*** Opening Record set ***

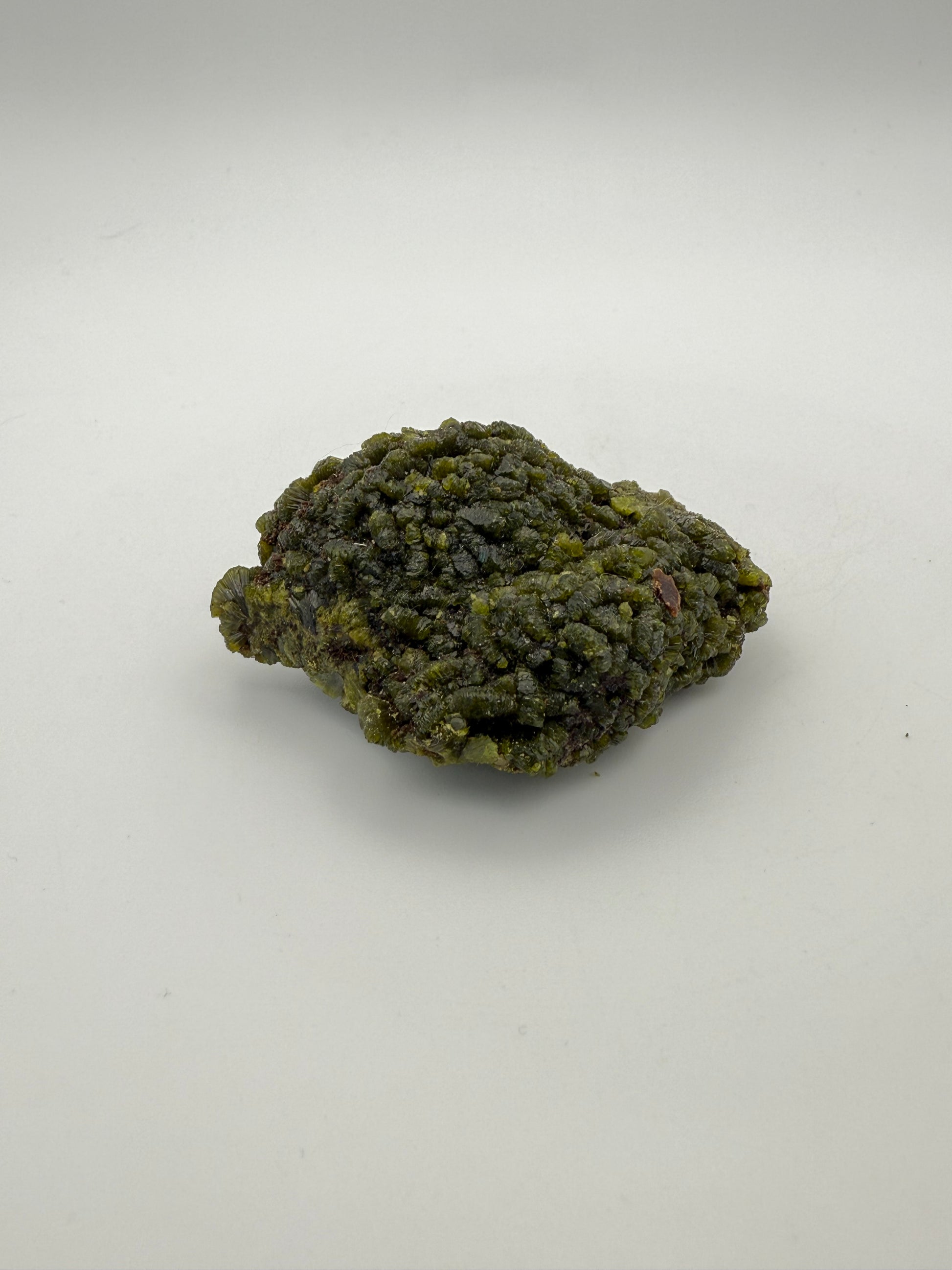 Epidote crystal cluster with good green color.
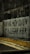 A graffiti on a concrete wall with a Spanish phrase written in large, bold black letters. The wall is part of an urban setting with a gritty texture, and the ground in front of it has sparse patches of grass and a sidewalk.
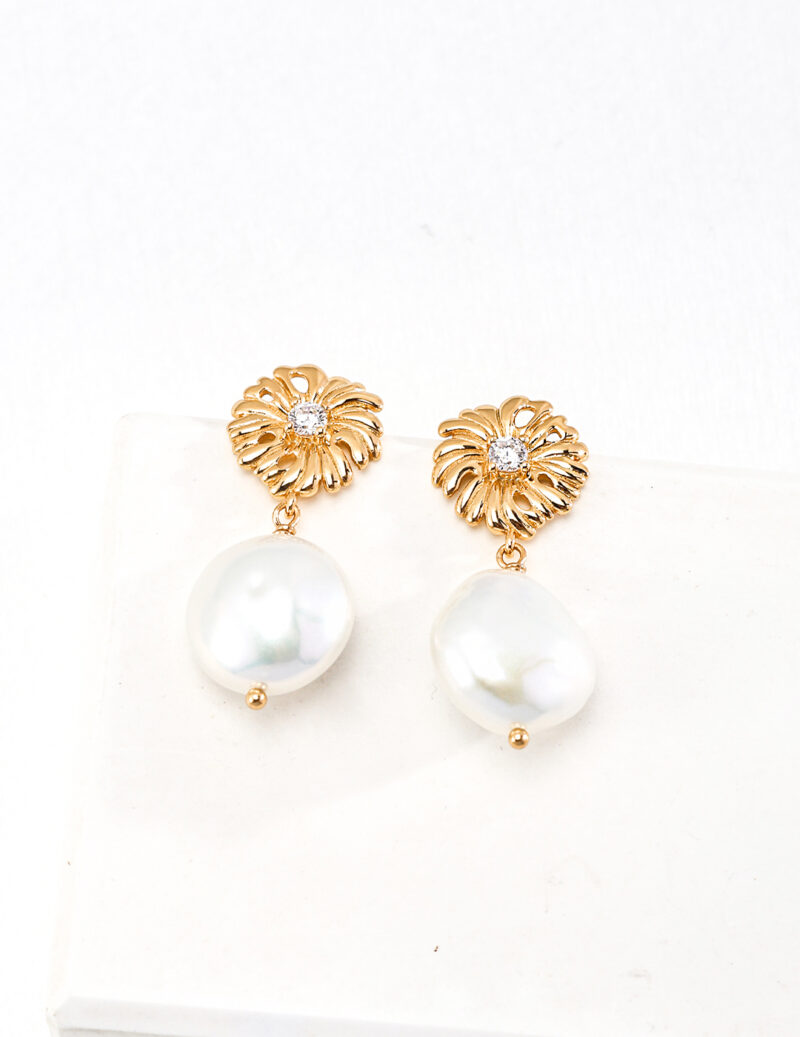 A pair of elegant 18k Gold Vermeil earrings with intricate floral designs at the top, featuring shimmering white gemstones in the center. Below each floral design hangs a large, lustrous white pearl, giving these o_1htim9ik21tihivc4mt8gd13o71 from our Floral Series a luxurious and classic appearance. Elegant pearl jewelry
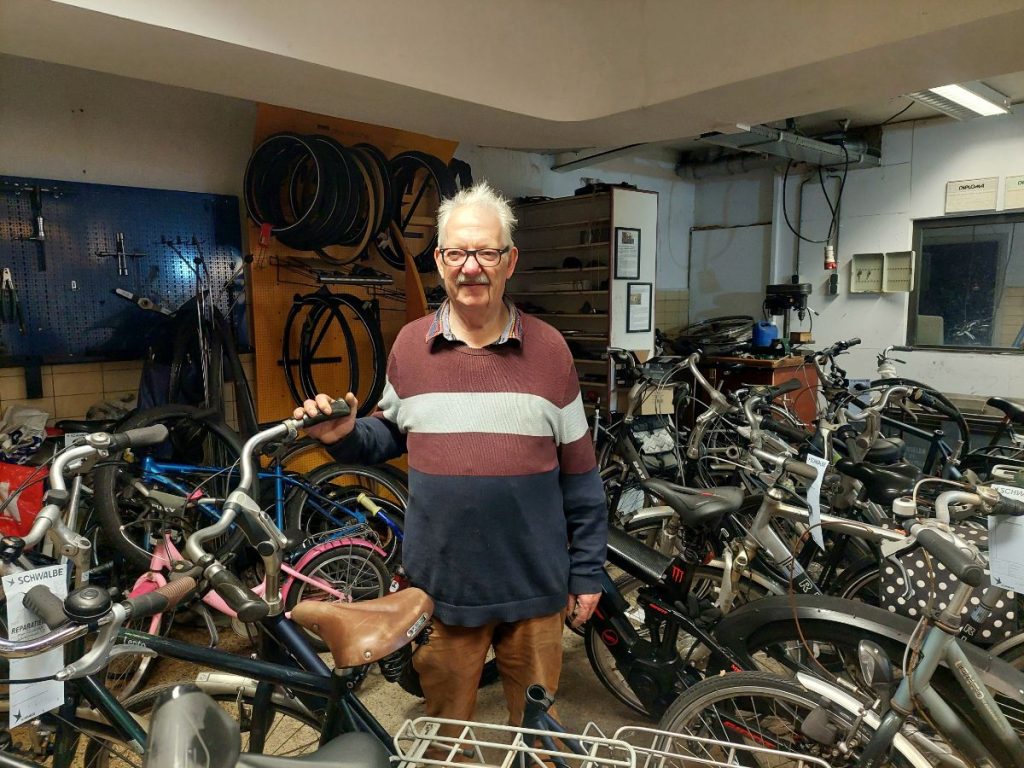 Wim staat vrolijk in zijn fietsenkelder en lacht naar de camera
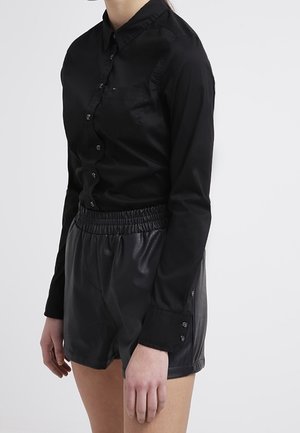 Person wearing a fitted black button-up long sleeve shirt and black high-waisted elastic leather shorts, standing against a neutral background.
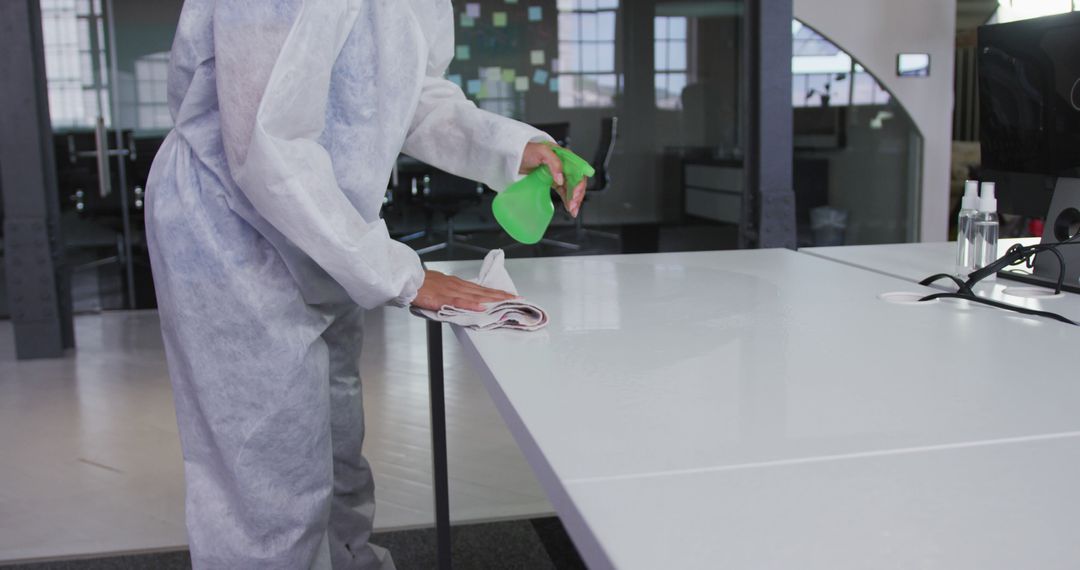 Person Cleaning Office Desk with Disinfectant Spray in Protective Gear - Free Images, Stock Photos and Pictures on Pikwizard.com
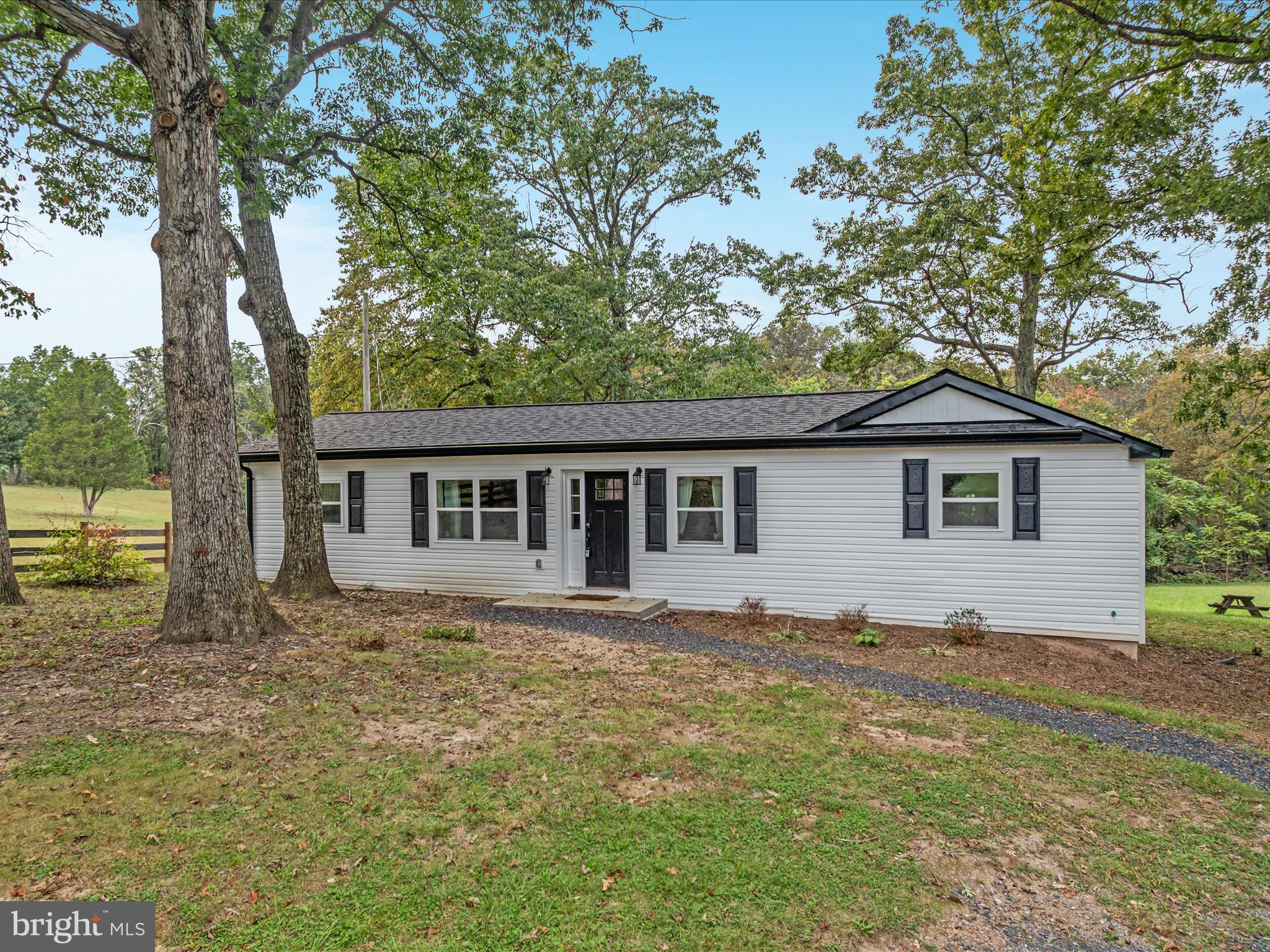 790 McDonald Road Winchester, VA 22602 - Photo 25 of 36 a view of house with yard and trees in the background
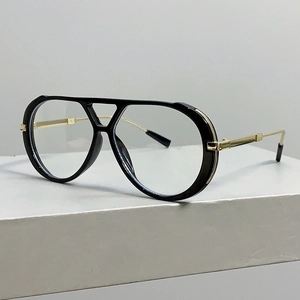 Detail of pilot glasses showing double bridge design and golden metal temples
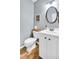 Half bathroom featuring gray walls, a white vanity with black knobs, and wood look floors at 44 Hall Mnr, Alpharetta, GA 30022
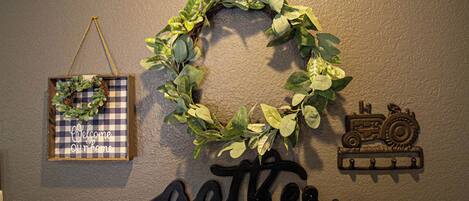 A wall with a wreath, a welcome sign, and a 'gather' sign.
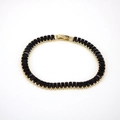 Detail of 18K gold plated bracelet featuring rectangular black crystals and fold-over clasp - Black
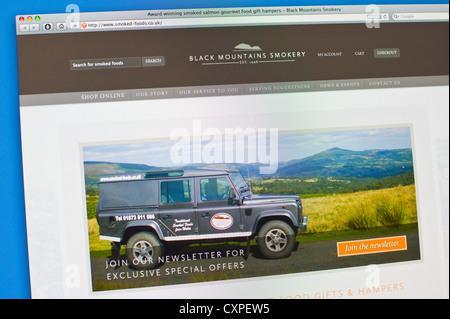 Black Mountain Smokery website featuring Land Rover Defender 110 Stock Photo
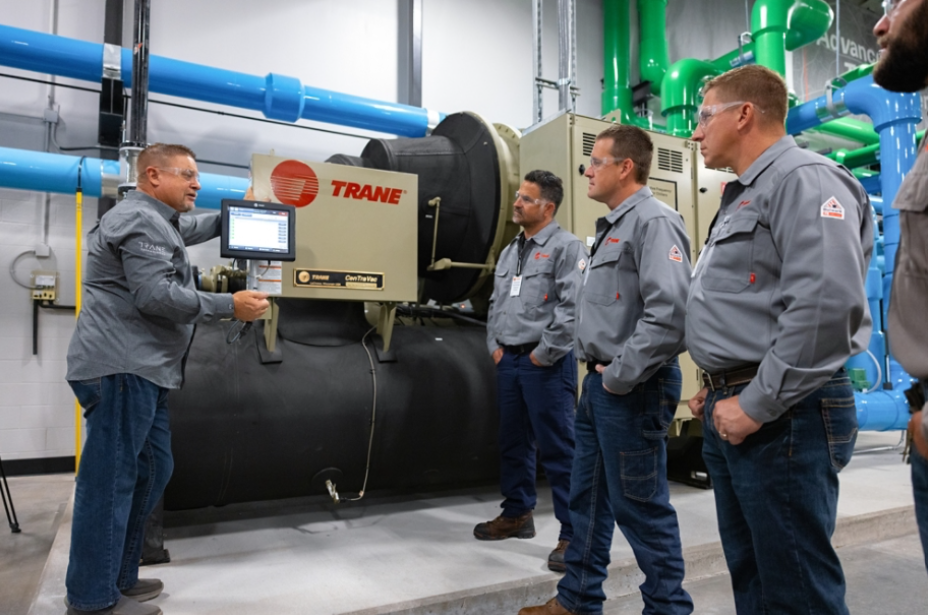 Robert Collins providing technicians instruction on a water-cooled chiller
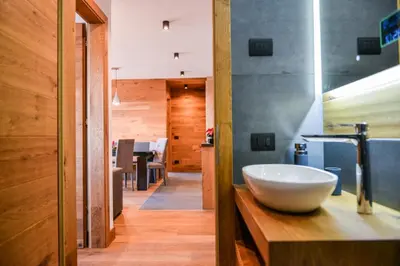 a bathroom with a bowl sink on a wooden counter at San Vigilio di Marebbe - Suite di Montagna in San Vigilio Di Marebbe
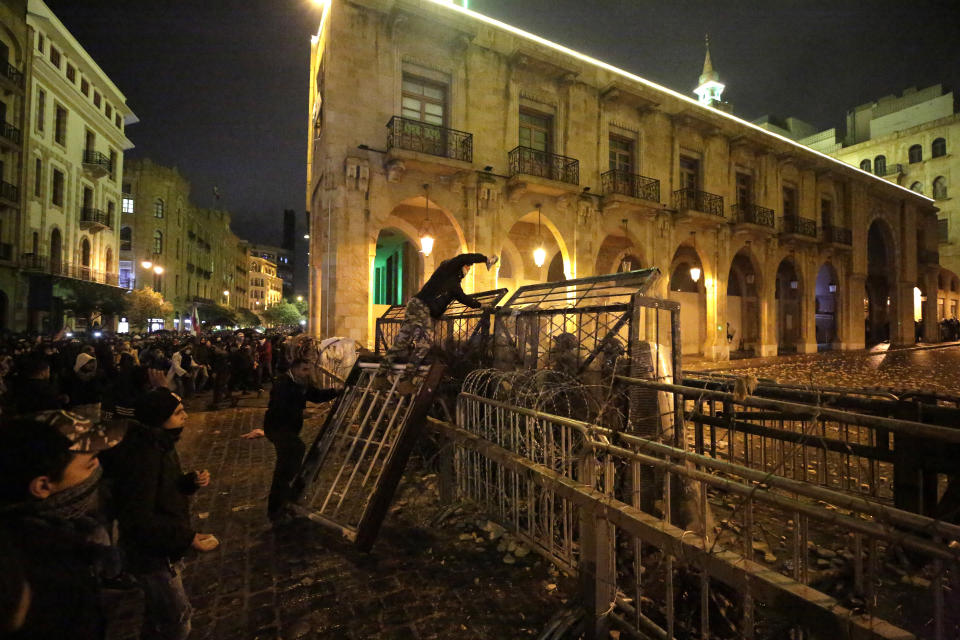 An anti-government protester stands on barriers as he throws stones against riot police during ongoing protests against the political elites who have ruled the country for decades, in Beirut, Lebanon, Sunday, Jan. 19, 2020. (AP Photo/Hassan Ammar)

*** Closing Record set ***

**Exercise details:** From the data above, return only the lines starting at the line that holds "Wim staat vrolijk" and ending at the line that holds "Person wearing a", word for word and without pictures.

**The completed task:**
 Wim staat vrolijk in zijn fietsenkelder en lacht naar de camera
 Person wearing a fitted black button-up long sleeve shirt and black high-waisted elastic leather shorts, standing against a neutral background.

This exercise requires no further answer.